*Data for analysis*
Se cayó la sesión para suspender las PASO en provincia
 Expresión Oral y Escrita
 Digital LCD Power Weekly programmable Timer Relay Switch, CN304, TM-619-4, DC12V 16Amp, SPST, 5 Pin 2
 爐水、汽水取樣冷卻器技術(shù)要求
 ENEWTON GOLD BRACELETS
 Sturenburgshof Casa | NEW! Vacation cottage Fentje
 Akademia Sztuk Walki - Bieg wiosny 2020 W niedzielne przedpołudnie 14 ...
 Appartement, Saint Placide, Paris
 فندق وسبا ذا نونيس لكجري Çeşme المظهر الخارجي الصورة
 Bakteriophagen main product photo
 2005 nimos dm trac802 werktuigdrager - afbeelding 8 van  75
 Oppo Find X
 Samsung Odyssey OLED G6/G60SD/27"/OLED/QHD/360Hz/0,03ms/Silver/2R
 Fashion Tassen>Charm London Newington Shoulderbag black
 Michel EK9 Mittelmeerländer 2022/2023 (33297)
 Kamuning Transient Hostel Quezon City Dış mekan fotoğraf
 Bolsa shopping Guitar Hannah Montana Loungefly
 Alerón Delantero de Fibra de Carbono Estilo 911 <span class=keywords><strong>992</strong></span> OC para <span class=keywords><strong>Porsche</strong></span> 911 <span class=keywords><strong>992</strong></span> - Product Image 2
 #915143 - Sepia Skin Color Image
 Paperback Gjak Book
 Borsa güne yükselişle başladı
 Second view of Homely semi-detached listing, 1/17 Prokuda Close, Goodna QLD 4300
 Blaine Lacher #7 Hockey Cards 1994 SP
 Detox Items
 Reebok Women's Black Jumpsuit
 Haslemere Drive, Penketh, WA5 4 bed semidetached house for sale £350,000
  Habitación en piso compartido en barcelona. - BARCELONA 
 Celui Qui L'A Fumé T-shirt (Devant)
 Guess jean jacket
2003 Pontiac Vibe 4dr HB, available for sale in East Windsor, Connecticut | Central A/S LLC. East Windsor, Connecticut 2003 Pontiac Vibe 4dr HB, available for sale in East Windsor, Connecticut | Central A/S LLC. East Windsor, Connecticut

*About this task*
Go back to the listing above. Copy word for word the lines from the one with "Fashion Tassen>Charm London" through the one with "Borsa güne yükselişle başladı", and nothing more.

*Response to the exercise*
 Fashion Tassen>Charm London Newington Shoulderbag black
 Michel EK9 Mittelmeerländer 2022/2023 (33297)
 Kamuning Transient Hostel Quezon City Dış mekan fotoğraf
 Bolsa shopping Guitar Hannah Montana Loungefly
 Alerón Delantero de Fibra de Carbono Estilo 911 <span class=keywords><strong>992</strong></span> OC para <span class=keywords><strong>Porsche</strong></span> 911 <span class=keywords><strong>992</strong></span> - Product Image 2
 #915143 - Sepia Skin Color Image
 Paperback Gjak Book
 Borsa güne yükselişle başladı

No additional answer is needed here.